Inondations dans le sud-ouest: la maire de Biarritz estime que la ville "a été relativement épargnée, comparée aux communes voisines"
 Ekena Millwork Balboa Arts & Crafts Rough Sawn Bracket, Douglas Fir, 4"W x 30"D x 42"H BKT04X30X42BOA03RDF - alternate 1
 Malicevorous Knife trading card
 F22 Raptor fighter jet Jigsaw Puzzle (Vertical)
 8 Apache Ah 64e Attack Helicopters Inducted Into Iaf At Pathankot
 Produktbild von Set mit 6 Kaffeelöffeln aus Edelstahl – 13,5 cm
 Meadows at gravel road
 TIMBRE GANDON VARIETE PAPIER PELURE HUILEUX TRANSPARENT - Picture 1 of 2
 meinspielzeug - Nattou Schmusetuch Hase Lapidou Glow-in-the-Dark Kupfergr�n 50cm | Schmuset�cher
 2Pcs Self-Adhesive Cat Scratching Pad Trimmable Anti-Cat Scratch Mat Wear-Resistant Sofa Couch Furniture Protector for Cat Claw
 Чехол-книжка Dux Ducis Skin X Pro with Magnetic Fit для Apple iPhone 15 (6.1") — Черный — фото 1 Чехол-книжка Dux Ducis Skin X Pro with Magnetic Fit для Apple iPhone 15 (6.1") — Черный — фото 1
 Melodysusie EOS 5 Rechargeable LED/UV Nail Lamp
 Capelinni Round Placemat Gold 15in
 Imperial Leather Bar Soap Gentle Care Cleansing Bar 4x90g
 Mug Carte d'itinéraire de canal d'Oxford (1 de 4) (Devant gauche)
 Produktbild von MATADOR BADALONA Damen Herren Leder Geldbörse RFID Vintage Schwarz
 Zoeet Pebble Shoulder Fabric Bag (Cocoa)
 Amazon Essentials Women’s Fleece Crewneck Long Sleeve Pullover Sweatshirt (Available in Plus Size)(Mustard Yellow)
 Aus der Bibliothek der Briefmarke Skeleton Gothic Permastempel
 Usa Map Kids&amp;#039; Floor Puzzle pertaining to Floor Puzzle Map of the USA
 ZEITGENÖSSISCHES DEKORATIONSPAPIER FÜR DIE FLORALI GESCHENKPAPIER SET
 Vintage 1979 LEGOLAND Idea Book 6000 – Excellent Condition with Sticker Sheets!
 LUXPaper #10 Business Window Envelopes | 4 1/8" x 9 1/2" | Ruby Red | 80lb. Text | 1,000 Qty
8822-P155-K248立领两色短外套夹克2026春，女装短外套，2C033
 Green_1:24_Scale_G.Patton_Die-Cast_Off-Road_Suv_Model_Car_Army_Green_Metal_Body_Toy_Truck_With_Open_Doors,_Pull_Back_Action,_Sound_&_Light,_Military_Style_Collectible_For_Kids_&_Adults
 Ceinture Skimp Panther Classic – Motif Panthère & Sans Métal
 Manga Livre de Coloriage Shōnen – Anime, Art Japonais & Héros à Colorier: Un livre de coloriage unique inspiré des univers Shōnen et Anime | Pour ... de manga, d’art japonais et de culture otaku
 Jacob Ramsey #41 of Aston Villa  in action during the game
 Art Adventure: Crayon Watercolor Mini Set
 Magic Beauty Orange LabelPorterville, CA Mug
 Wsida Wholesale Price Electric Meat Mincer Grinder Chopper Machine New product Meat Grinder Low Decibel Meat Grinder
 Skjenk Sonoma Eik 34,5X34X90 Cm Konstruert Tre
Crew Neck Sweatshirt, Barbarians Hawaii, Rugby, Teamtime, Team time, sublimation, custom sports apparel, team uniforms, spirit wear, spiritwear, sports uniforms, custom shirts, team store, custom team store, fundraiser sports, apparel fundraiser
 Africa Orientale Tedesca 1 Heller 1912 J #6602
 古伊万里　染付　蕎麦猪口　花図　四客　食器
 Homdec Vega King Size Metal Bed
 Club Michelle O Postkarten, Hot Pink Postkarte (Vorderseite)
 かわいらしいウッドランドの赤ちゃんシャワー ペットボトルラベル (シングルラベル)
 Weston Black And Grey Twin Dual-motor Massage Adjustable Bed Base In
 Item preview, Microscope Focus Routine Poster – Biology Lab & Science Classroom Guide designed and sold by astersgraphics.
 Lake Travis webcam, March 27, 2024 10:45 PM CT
———
> WHAT YOU NEED TO DO
All that is wanted is the run of lines from the start of the data through the line containing "Manga Livre de", copied word for word.

> RESULT OF THIS EXERCISE
Inondations dans le sud-ouest: la maire de Biarritz estime que la ville "a été relativement épargnée, comparée aux communes voisines"
 Ekena Millwork Balboa Arts & Crafts Rough Sawn Bracket, Douglas Fir, 4"W x 30"D x 42"H BKT04X30X42BOA03RDF - alternate 1
 Malicevorous Knife trading card
 F22 Raptor fighter jet Jigsaw Puzzle (Vertical)
 8 Apache Ah 64e Attack Helicopters Inducted Into Iaf At Pathankot
 Produktbild von Set mit 6 Kaffeelöffeln aus Edelstahl – 13,5 cm
 Meadows at gravel road
 TIMBRE GANDON VARIETE PAPIER PELURE HUILEUX TRANSPARENT - Picture 1 of 2
 meinspielzeug - Nattou Schmusetuch Hase Lapidou Glow-in-the-Dark Kupfergr�n 50cm | Schmuset�cher
 2Pcs Self-Adhesive Cat Scratching Pad Trimmable Anti-Cat Scratch Mat Wear-Resistant Sofa Couch Furniture Protector for Cat Claw
 Чехол-книжка Dux Ducis Skin X Pro with Magnetic Fit для Apple iPhone 15 (6.1") — Черный — фото 1 Чехол-книжка Dux Ducis Skin X Pro with Magnetic Fit для Apple iPhone 15 (6.1") — Черный — фото 1
 Melodysusie EOS 5 Rechargeable LED/UV Nail Lamp
 Capelinni Round Placemat Gold 15in
 Imperial Leather Bar Soap Gentle Care Cleansing Bar 4x90g
 Mug Carte d'itinéraire de canal d'Oxford (1 de 4) (Devant gauche)
 Produktbild von MATADOR BADALONA Damen Herren Leder Geldbörse RFID Vintage Schwarz
 Zoeet Pebble Shoulder Fabric Bag (Cocoa)
 Amazon Essentials Women’s Fleece Crewneck Long Sleeve Pullover Sweatshirt (Available in Plus Size)(Mustard Yellow)
 Aus der Bibliothek der Briefmarke Skeleton Gothic Permastempel
 Usa Map Kids&amp;#039; Floor Puzzle pertaining to Floor Puzzle Map of the USA
 ZEITGENÖSSISCHES DEKORATIONSPAPIER FÜR DIE FLORALI GESCHENKPAPIER SET
 Vintage 1979 LEGOLAND Idea Book 6000 – Excellent Condition with Sticker Sheets!
 LUXPaper #10 Business Window Envelopes | 4 1/8" x 9 1/2" | Ruby Red | 80lb. Text | 1,000 Qty
8822-P155-K248立领两色短外套夹克2026春，女装短外套，2C033
 Green_1:24_Scale_G.Patton_Die-Cast_Off-Road_Suv_Model_Car_Army_Green_Metal_Body_Toy_Truck_With_Open_Doors,_Pull_Back_Action,_Sound_&_Light,_Military_Style_Collectible_For_Kids_&_Adults
 Ceinture Skimp Panther Classic – Motif Panthère & Sans Métal
 Manga Livre de Coloriage Shōnen – Anime, Art Japonais & Héros à Colorier: Un livre de coloriage unique inspiré des univers Shōnen et Anime | Pour ... de manga, d’art japonais et de culture otaku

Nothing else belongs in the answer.